Hi, the first week of (another) Google Summer of Code has ended, and I just realised that it is not going to be a joyride. Most of this week was spent in benchmarking, and trying to complete (?) this PR and so I did not write much code. However I learnt quite a bit in my attempt to complete this PR https://github.com/scikit-learn/scikit-learn/pull/3102 .
Q: What is joblib.Parallel and why is it used?
For computationally intensive numerical purposes, it always beneficial to splits the work among separate CPU cores, and the API makes it really easy to do so.
# Across one core list_ = [sqrt(i**2) for i in range(10)] # Across 4 cores. from sklearn.externals.joblib import Parallel, delayed # Parallel (n_jobs = x) (delayed(func)(arg) iter) list_ = Parallel(n_jobs=2)(delayed(sqrt)(i**2) for i in range(10))
In the fit method of ElasticNetCV, we can see the following lines.
jobs = (delayed(_path_residuals)(X, y, train, test, self.path, path_params, alphas=this_alphas, l1_ratio=this_l1_ratio, X_order='F', dtype=np.float64) for this_l1_ratio, this_alphas in zip(l1_ratios, alphas) for train, test in folds) mse_paths = Parallel(n_jobs=self.n_jobs, verbose=self.verbose)(jobs)
Let us say the the number of folds is 10, alphas is 100, and n_l1_ratios is 3, then enet_coordinate_descent has to be run atleast 3000 times, where it does help a lot to split it across different cores.
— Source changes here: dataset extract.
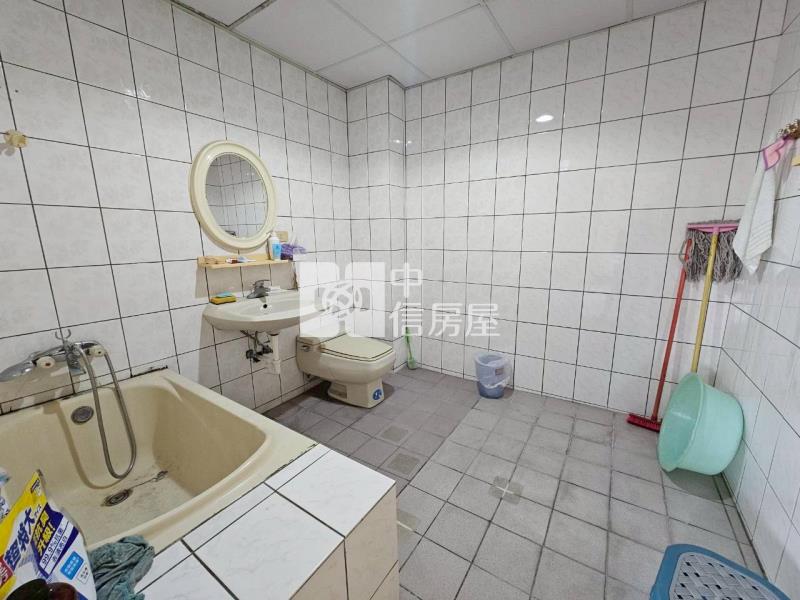 世賢圖書館大店面房屋室內格局與周邊環境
However, in the example that I have mentioned using for i in range(10), you can clearly see (if you use IPython magic %timeit), that the loop with Parallel runs much slower due to the overhead.
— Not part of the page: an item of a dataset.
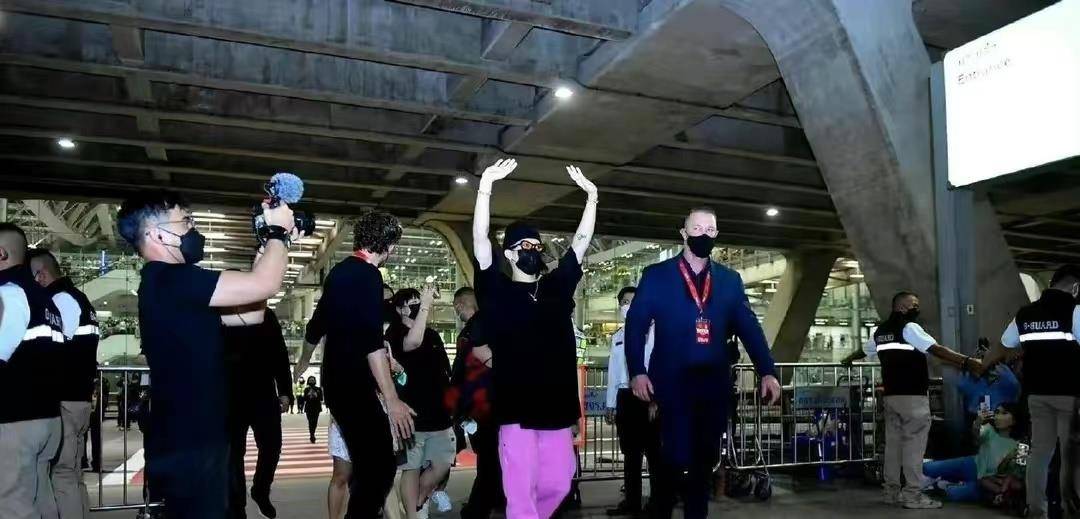 太热了!王排队出现在机场。为了防止老人被推倒,她主动拦住了保镖。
Q: What is backend = “multiprocessing” or “threading” in Parallel?
Multiprocessing is the default backend of joblib. When this is used is there are multiple processes inclusing the parent process across different CPU cores. One must remember that there is memory duplication when the number of bytes is less than 1e6, and when it is greater that 1e6 the memory of the data given to Parallel is shared by all the child processes.
Threading is the more efficient of the two, both speed-wise and memory-wise (since the memory is shared between all input threads). Then why isn’t this being used? Well, it is because of the Global Interpreter Lock (GIL). The GIL prevents different threads from running simultaneously across different cores, which makes it less efficient. Each thread is said to acquire the GIL, when it runs and is said to release it, when it allows one of its fellow threads, the chance. For a more detailed overview of the GIL, please have a look at this PyCon talk. http://blip.tv/pycon-us-videos-2009-2010-2011/pycon-2010-understanding-the-python-gil-82-3273690 , This provides a disadvantage.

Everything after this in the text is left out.